The Big Problem: The "Amnesiac" AI

Imagine you are a detective trying to solve a crime in a city you've never visited. You have a blurry, low-resolution photo of the scene. To make it clear, you need to guess what the missing details look like.

Most current AI super-resolution models are like amnesiac detectives. Every time they look at a new photo, they treat it as if it's the first time they've ever seen that street. They have to relearn everything from scratch: "Oh, the sky is usually at the top, the road is at the bottom, and buildings are in the middle." They spend a huge amount of mental energy re-discovering these basic facts for every single image, which is inefficient and sometimes leads to mistakes.
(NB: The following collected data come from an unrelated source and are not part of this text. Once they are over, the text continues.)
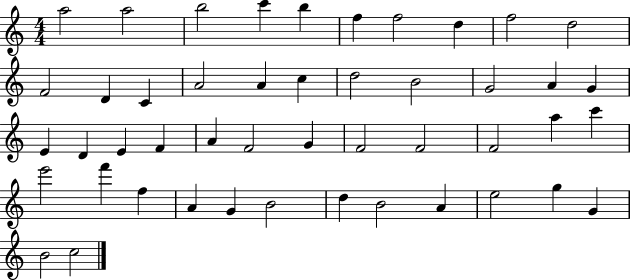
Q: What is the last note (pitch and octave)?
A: C5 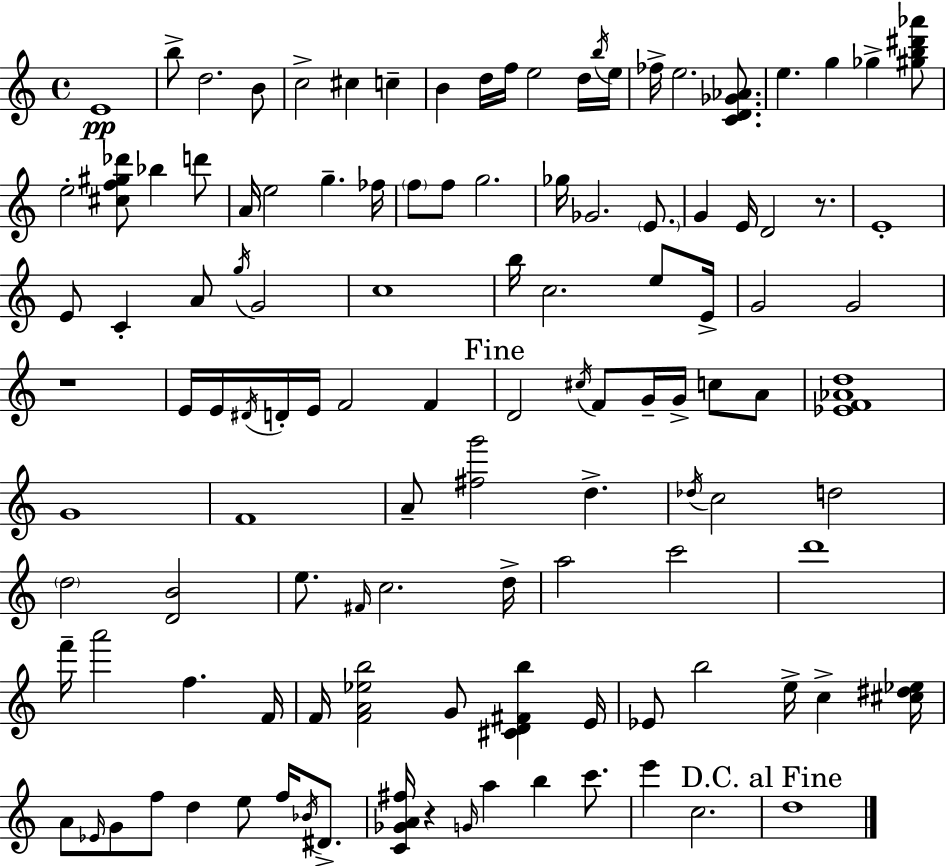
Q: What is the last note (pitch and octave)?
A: D5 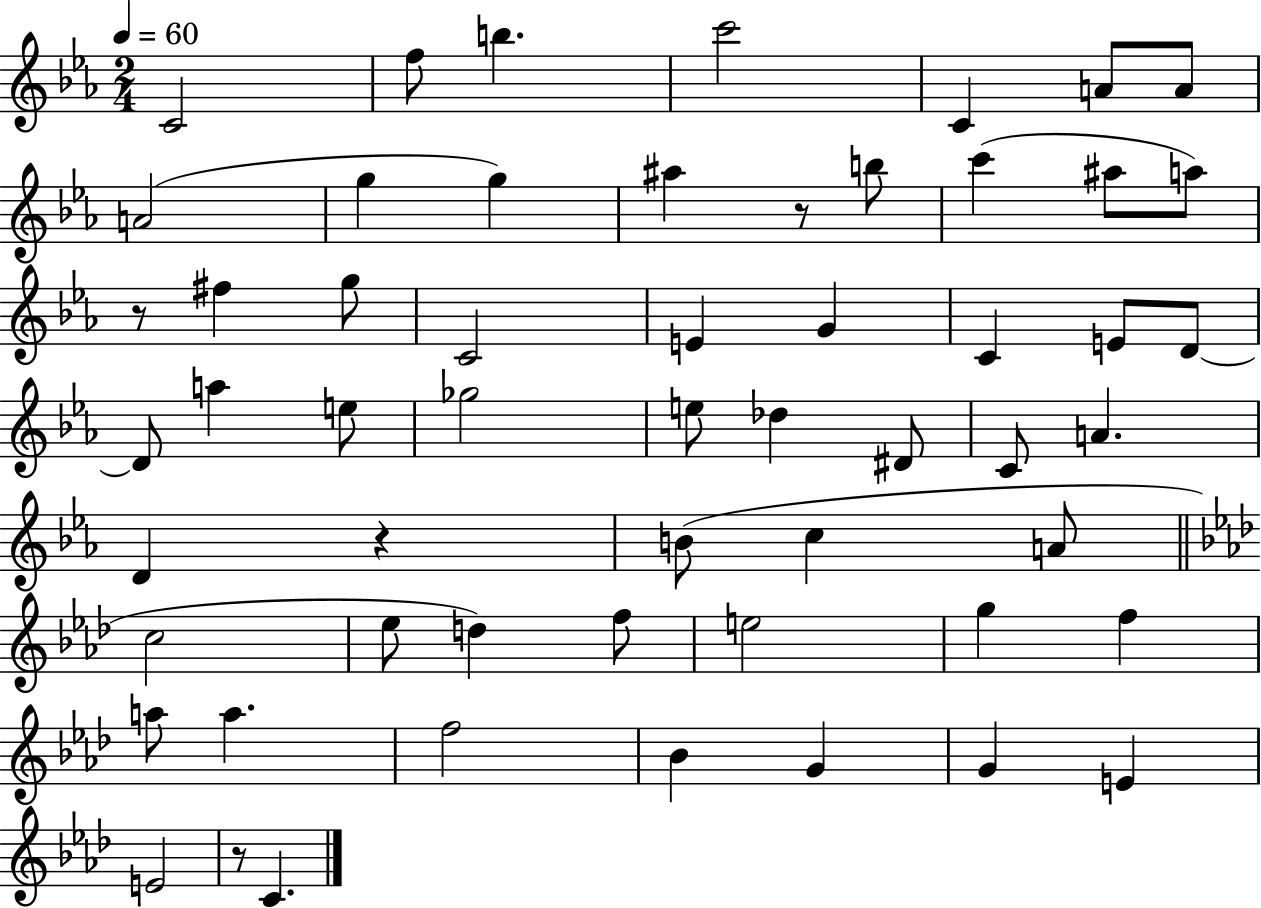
C4/h F5/e B5/q. C6/h C4/q A4/e A4/e A4/h G5/q G5/q A#5/q R/e B5/e C6/q A#5/e A5/e R/e F#5/q G5/e C4/h E4/q G4/q C4/q E4/e D4/e D4/e A5/q E5/e Gb5/h E5/e Db5/q D#4/e C4/e A4/q. D4/q R/q B4/e C5/q A4/e C5/h Eb5/e D5/q F5/e E5/h G5/q F5/q A5/e A5/q. F5/h Bb4/q G4/q G4/q E4/q E4/h R/e C4/q. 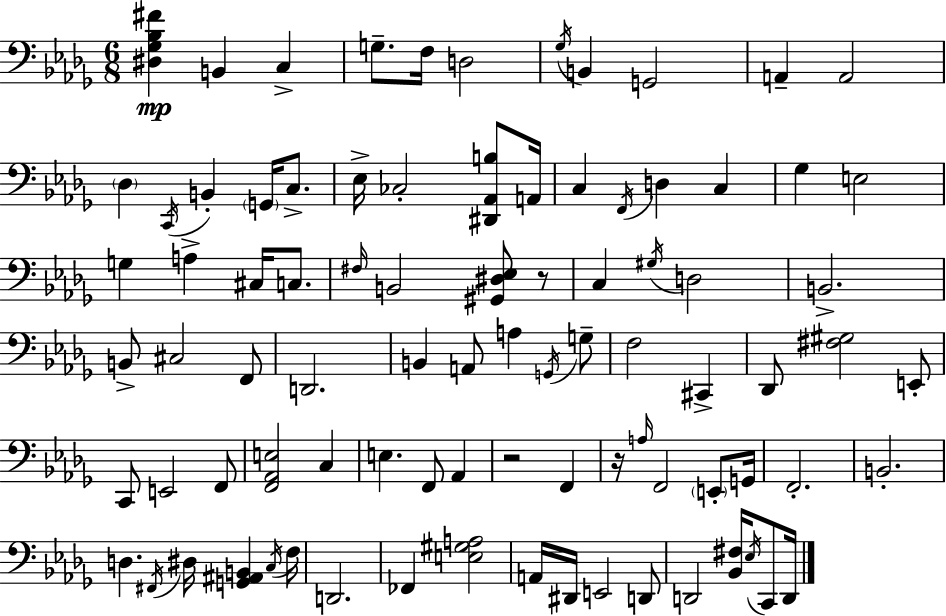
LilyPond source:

{
  \clef bass
  \numericTimeSignature
  \time 6/8
  \key bes \minor
  <dis ges bes fis'>4\mp b,4 c4-> | g8.-- f16 d2 | \acciaccatura { ges16 } b,4 g,2 | a,4-- a,2 | \break \parenthesize des4 \acciaccatura { c,16 } b,4-. \parenthesize g,16 c8.-> | ees16-> ces2-. <dis, aes, b>8 | a,16 c4 \acciaccatura { f,16 } d4 c4 | ges4 e2 | \break g4 a4-> cis16 | c8. \grace { fis16 } b,2 | <gis, dis ees>8 r8 c4 \acciaccatura { gis16 } d2 | b,2.-> | \break b,8-> cis2 | f,8 d,2. | b,4 a,8 a4 | \acciaccatura { g,16 } g8-- f2 | \break cis,4-> des,8 <fis gis>2 | e,8-. c,8 e,2 | f,8 <f, aes, e>2 | c4 e4. | \break f,8 aes,4 r2 | f,4 r16 \grace { a16 } f,2 | \parenthesize e,8-. g,16 f,2.-. | b,2.-. | \break d4. | \acciaccatura { fis,16 } dis16 <g, ais, b,>4 \acciaccatura { c16 } f16 d,2. | fes,4 | <e gis a>2 a,16 dis,16 e,2 | \break d,8 d,2 | <bes, fis>16 \acciaccatura { ees16 } c,8 d,16 \bar "|."
} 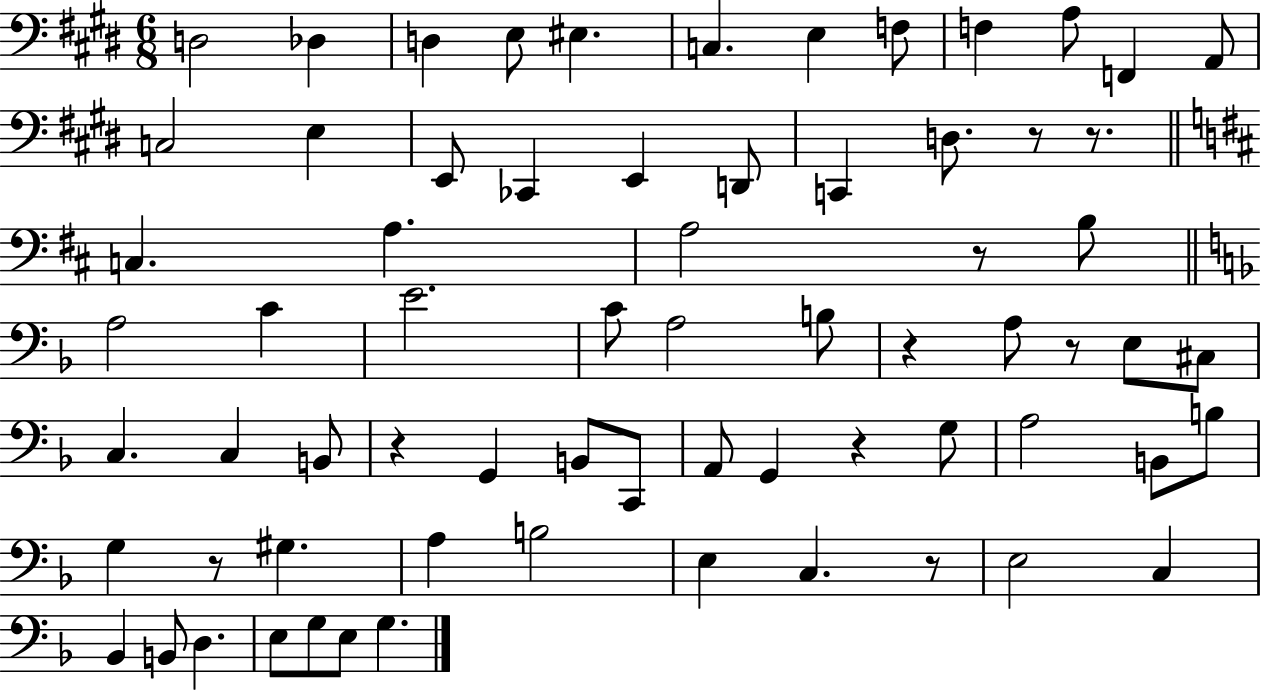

This is especially a problem for Infrared Cameras (used in self-driving cars and night surveillance). These cameras often face the same view every day (like a traffic camera on a highway). The layout never changes, but the current AI models don't "remember" this. They are statistically naive, wasting their brainpower on things they should already know.

The Solution: The "Local Guide" and the "Memory Book"

The authors of this paper, RPT-SR, decided to fix this by giving the AI a "cheat sheet" and a "local guide." They created a new system called Regional Prior Attention.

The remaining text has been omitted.